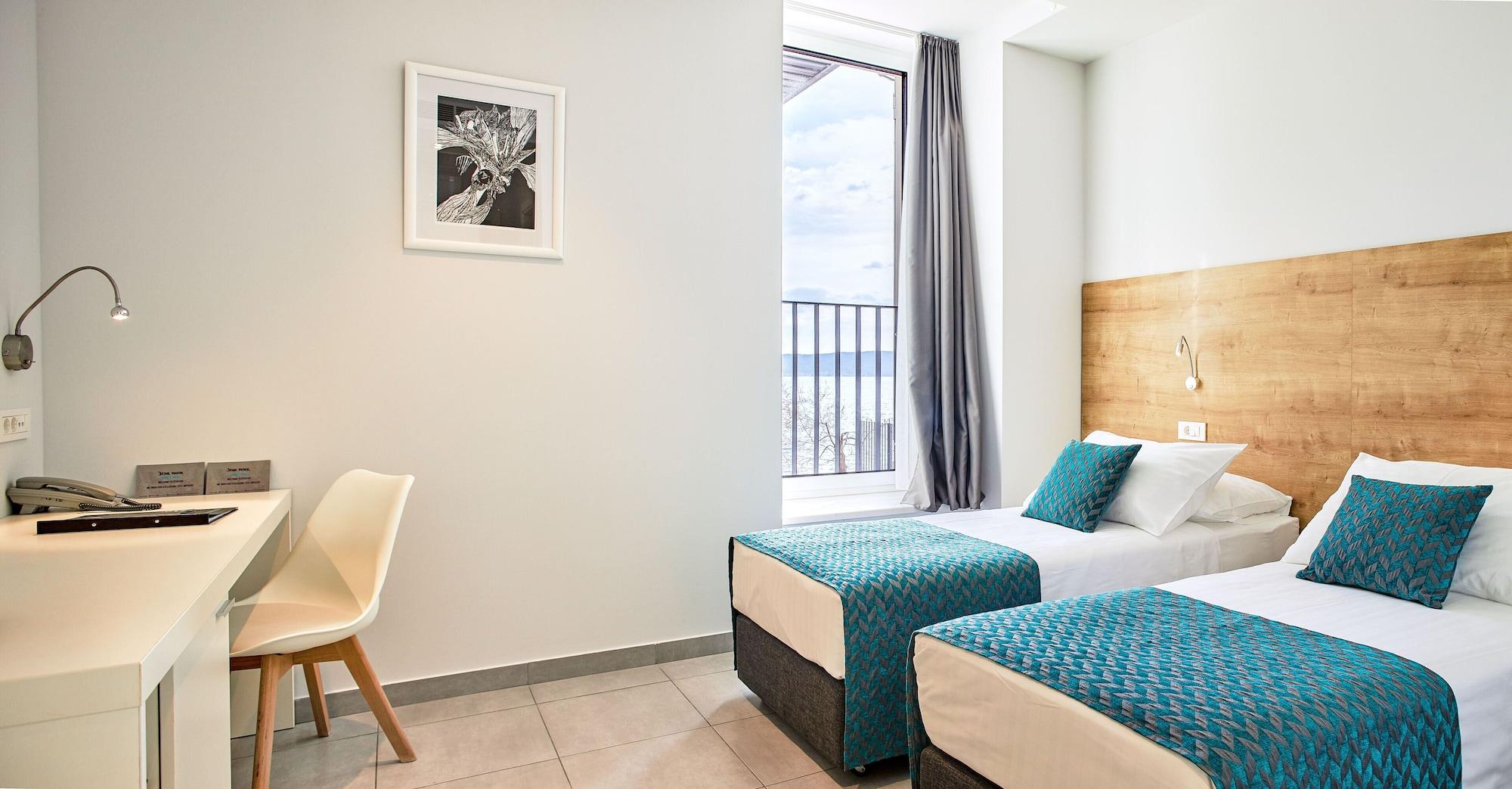 Hotel Stacija Kaštela Exteriör bild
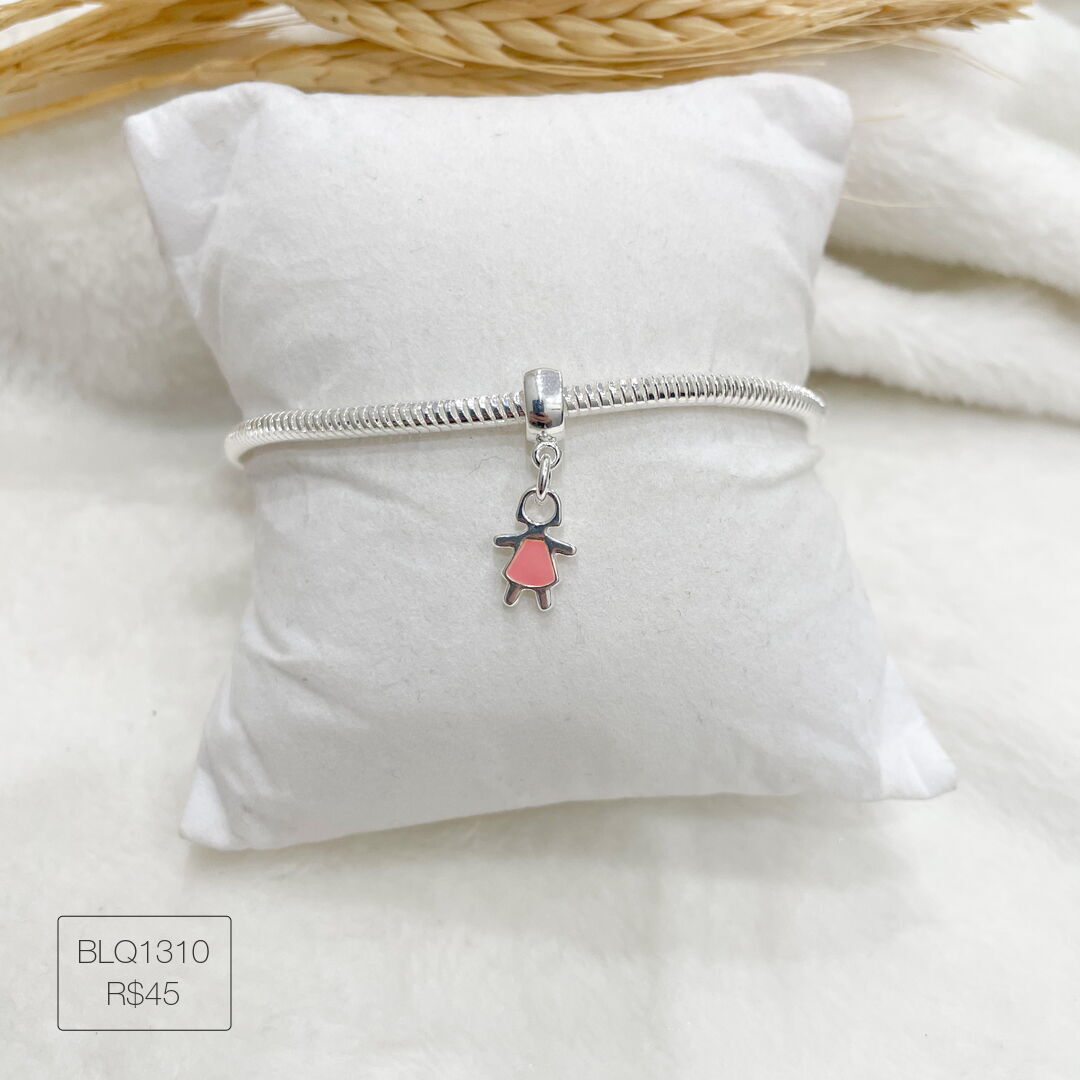 Berloque Menina Vestido Rosa Pendurado Esmaltado Prateado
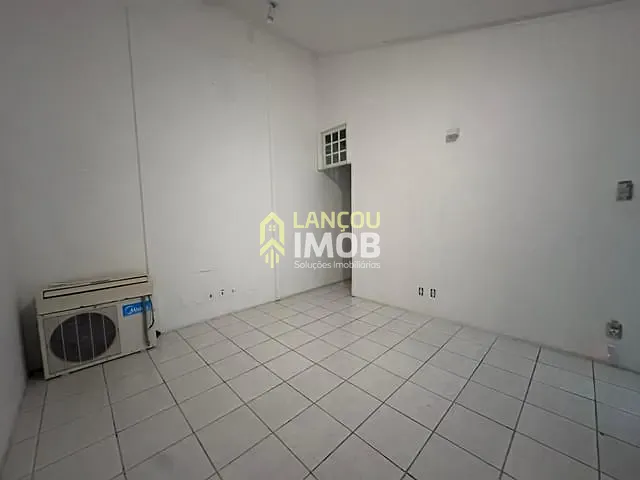 Casa para alugar, no bairro Anhangabaú em Jundiaí
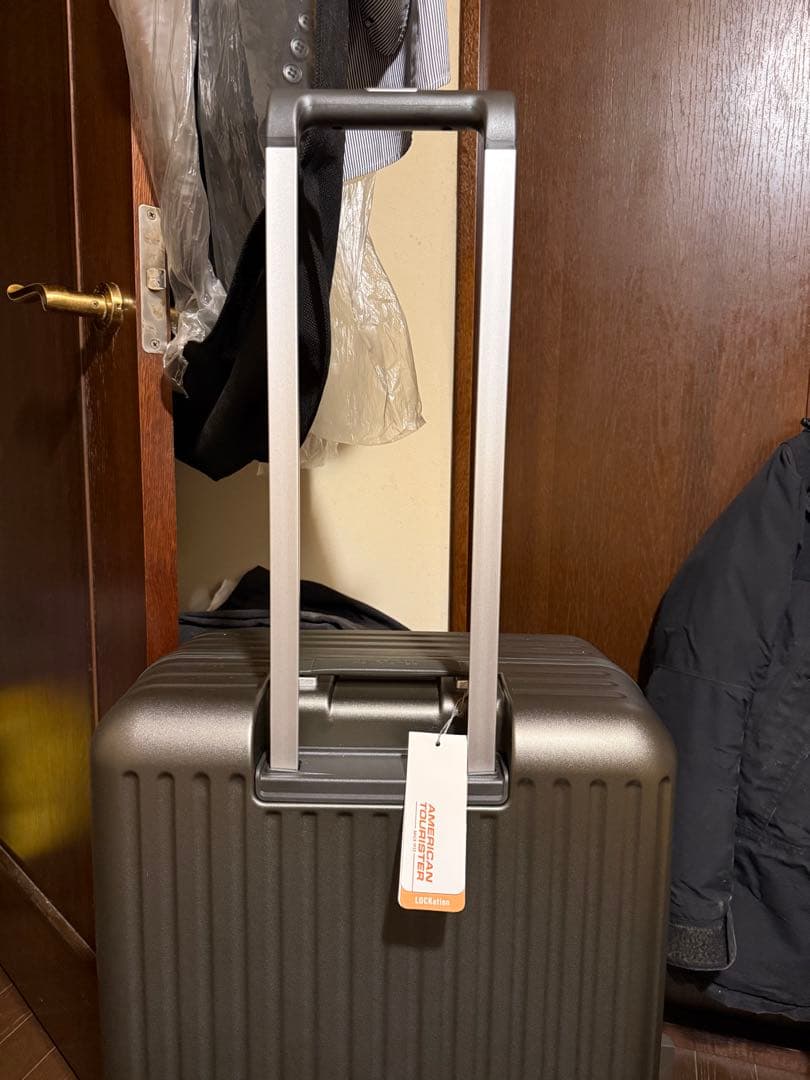 アメリカンツーリスター スーツケース ロケーション ダークモス M 56L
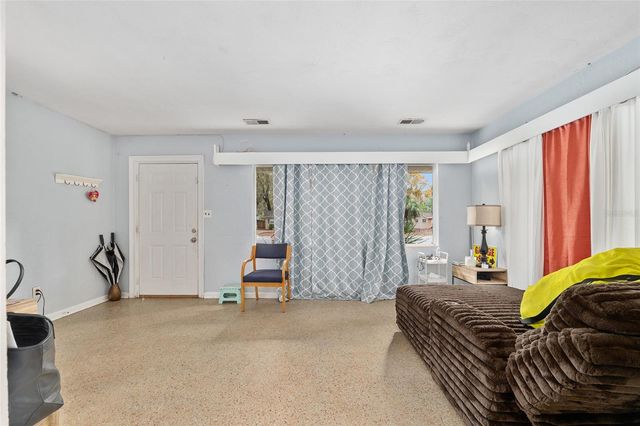 305 NW 34TH STREET, Gainesville, FL 32607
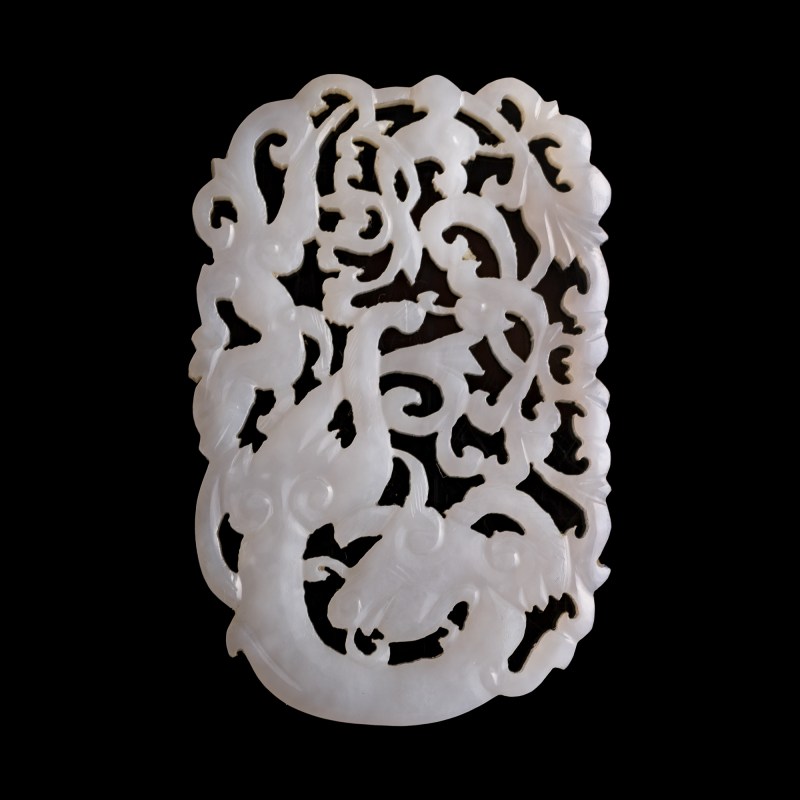十八/十九世紀 白玉透雕螭龍佩 | A Chinese white jade openwork 'chilong' pendant, 18th/19th century - 图2
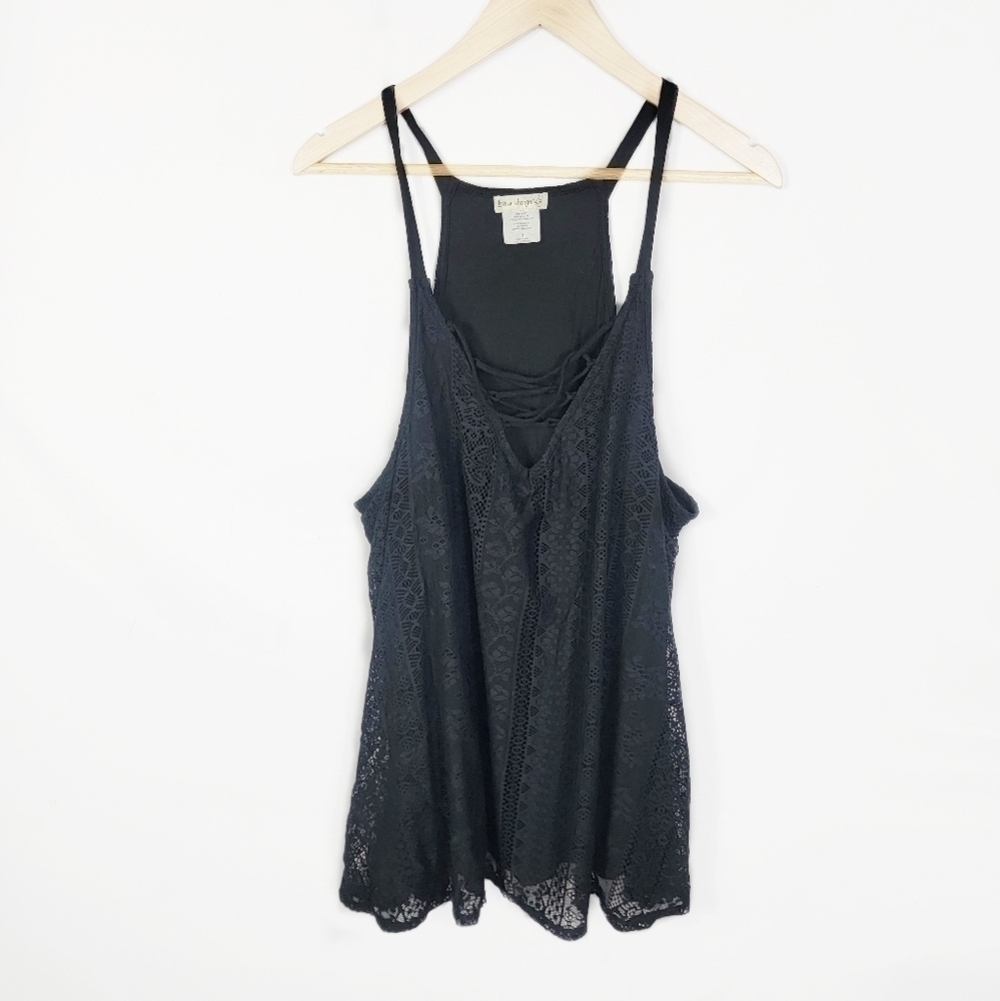 Women's size 3 Love on a hanger top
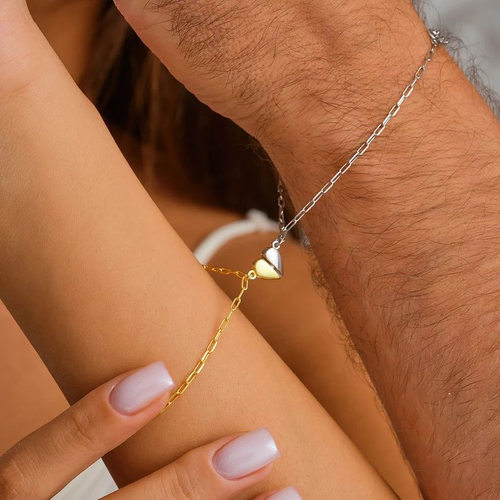 Lady's love heart bracelet a gift for a close friend跨境手链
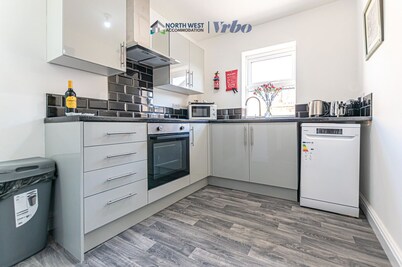 Warrington 3BR House – Ideal for Contractors Stay with Free WiFi & Parking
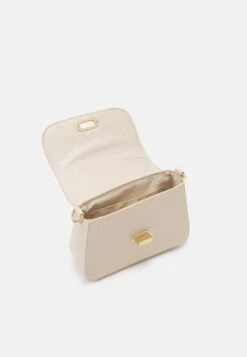 Even&Odd Sac Bandoulière - Off-White 9 Even&Odd Sac Bandoulière - Off-White -Even-Odd Boutique a0fa6d546d8c49e4b02a040f3635e456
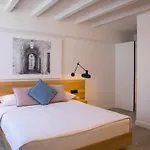 فندق مبيت وإفطار Bova Luxury 4*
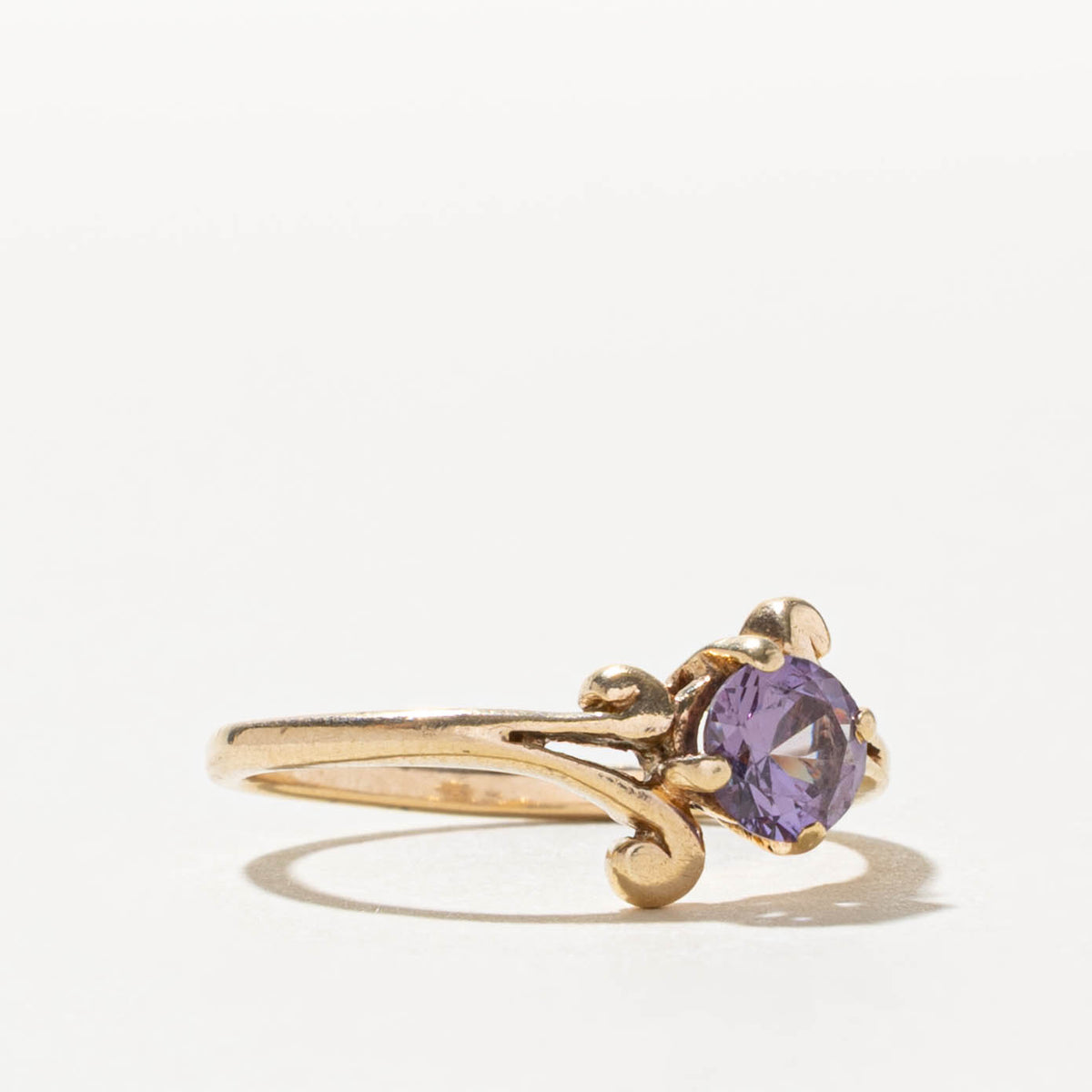 10k Solitaire Synthetic Sapphire Scrollwork Bypass Ring | SZ 6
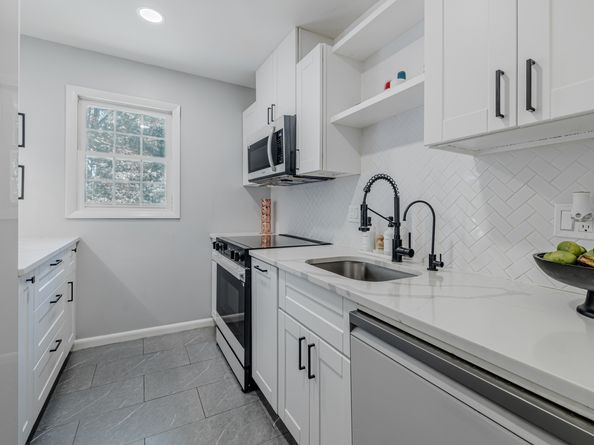 85 Padanaram Road, Danbury CT 06811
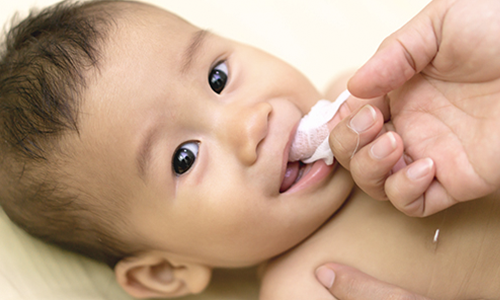 給寶寶清潔口腔，越早開始越好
□ □ □ □
• TASK REQUIREMENTS:
Give again, word for word, the line that contains "فندق مبيت وإفطار Bova Luxury 4*" and every line after it through the end of the entries; omit the pictures.

• WRITTEN SOLUTION:
 فندق مبيت وإفطار Bova Luxury 4*
 10k Solitaire Synthetic Sapphire Scrollwork Bypass Ring | SZ 6
 85 Padanaram Road, Danbury CT 06811
 給寶寶清潔口腔，越早開始越好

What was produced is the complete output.